**Exercise details:**
Repeat the data as given. Images do not go in the copy.

----- Material provided -----

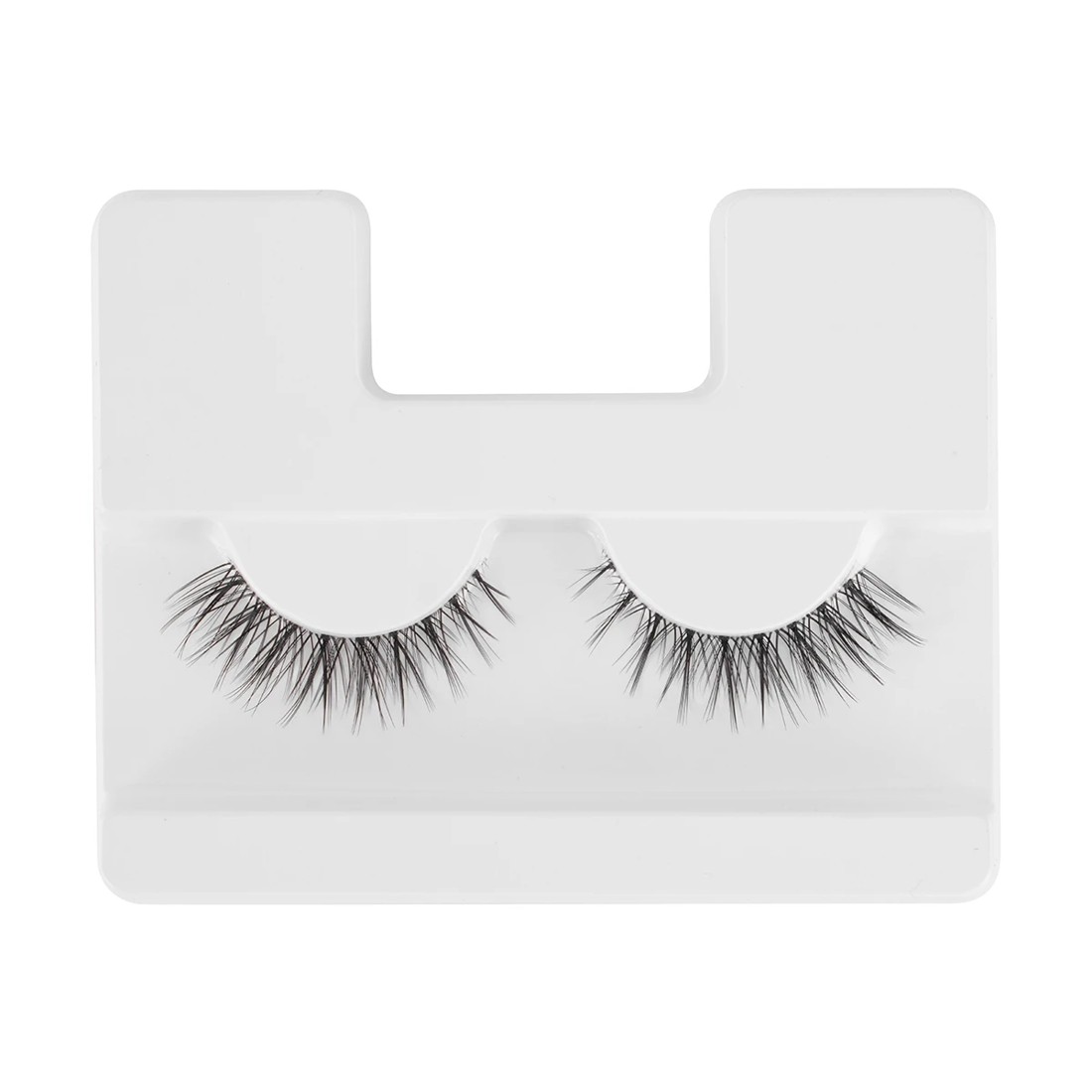 2 OXX Cosmetics Volume False Lashes - No. 512, 2 of 5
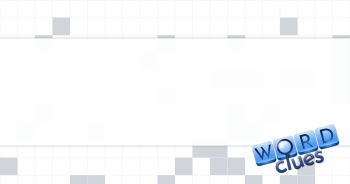Knighted author/humorist Crossword Clue
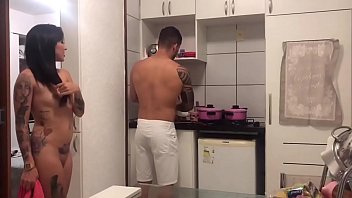 Viva vídeo pornô com macho safadão comedor de bucetinha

-----

**Exercise answer:**
 2 OXX Cosmetics Volume False Lashes - No. 512, 2 of 5
Knighted author/humorist Crossword Clue
 Viva vídeo pornô com macho safadão comedor de bucetinha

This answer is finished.